Page MenuHomePhabricator

Cassandra secondary indexing problem for large pages
Closed, ResolvedPublic

Description

When retrieving and storing a revision for a large page, the following Cassandra errors appear (output for Barack_Obama):

ResponseError: Can't index column value of size 1483409 for index null on local_group_default_T_parsoid_html.data
ResponseError: Can't index column value of size 842881 for index null on local_group_default_T_parsoid_dataW4ULtxs1oMqJeY.data

The offending line in Cassandra's code is src/java/org/apache/cassandra/cql3/statements/UpdateStatement.java:135 (ver 2.1.3) and refers to a secondary-index-validation failure. CASSANDRA-3057, CASSANDRA-4240, CASSANDRA-8081 and CASSANDRA-8280 all suggest that data larger than 65K cannot be indexed, but we do not index the value field so we should not be getting this error in the first place.
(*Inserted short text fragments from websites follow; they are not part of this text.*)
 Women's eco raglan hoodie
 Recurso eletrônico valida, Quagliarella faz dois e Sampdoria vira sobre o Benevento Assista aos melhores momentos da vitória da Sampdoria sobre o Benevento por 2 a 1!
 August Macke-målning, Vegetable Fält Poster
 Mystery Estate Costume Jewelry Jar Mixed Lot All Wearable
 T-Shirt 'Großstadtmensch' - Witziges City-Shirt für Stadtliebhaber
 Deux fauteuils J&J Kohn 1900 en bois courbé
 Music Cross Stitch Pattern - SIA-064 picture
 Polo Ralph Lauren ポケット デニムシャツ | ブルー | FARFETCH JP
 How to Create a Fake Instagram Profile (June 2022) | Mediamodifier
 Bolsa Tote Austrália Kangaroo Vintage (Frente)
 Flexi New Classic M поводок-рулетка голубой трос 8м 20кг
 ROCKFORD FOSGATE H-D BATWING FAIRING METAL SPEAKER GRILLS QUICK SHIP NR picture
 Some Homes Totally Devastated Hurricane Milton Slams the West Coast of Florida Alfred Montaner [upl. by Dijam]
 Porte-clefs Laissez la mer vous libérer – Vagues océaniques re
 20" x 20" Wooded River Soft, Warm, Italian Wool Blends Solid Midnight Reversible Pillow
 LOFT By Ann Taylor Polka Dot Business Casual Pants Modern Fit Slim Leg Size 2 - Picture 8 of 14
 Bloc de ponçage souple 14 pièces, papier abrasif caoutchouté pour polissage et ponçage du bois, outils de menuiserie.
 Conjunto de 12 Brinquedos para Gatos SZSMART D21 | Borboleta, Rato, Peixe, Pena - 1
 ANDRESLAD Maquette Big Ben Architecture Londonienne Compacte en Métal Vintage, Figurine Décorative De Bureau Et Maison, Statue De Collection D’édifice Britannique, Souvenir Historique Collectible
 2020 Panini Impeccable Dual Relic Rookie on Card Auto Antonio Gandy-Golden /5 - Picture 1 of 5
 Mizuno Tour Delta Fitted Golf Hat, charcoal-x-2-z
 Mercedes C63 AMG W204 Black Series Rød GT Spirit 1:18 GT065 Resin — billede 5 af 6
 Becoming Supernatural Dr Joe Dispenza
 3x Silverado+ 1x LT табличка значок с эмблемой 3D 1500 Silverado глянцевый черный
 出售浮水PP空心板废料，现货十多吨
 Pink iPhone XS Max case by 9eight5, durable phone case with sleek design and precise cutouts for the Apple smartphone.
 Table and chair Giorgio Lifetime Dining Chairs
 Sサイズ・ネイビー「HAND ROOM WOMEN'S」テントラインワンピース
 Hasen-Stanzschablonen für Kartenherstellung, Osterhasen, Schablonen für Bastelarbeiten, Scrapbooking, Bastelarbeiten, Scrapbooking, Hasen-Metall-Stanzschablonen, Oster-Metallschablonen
Another peculiar thing about the error is that it states for index null.

Event Timeline

mobrovac raised the priority of this task from to High.
mobrovac updated the task description. (Show Details)

Fortunately, this does not affect production as the indexes at issue don't exist there.

It is a Cassandra bug, and we'll stop creating those native secondary indexes to avoid this issue for auto-created tables outside of production. As a result, we need to change the way we implement global title / revision listings.

Cassandra's SI's are no longer used in RB, so resolving.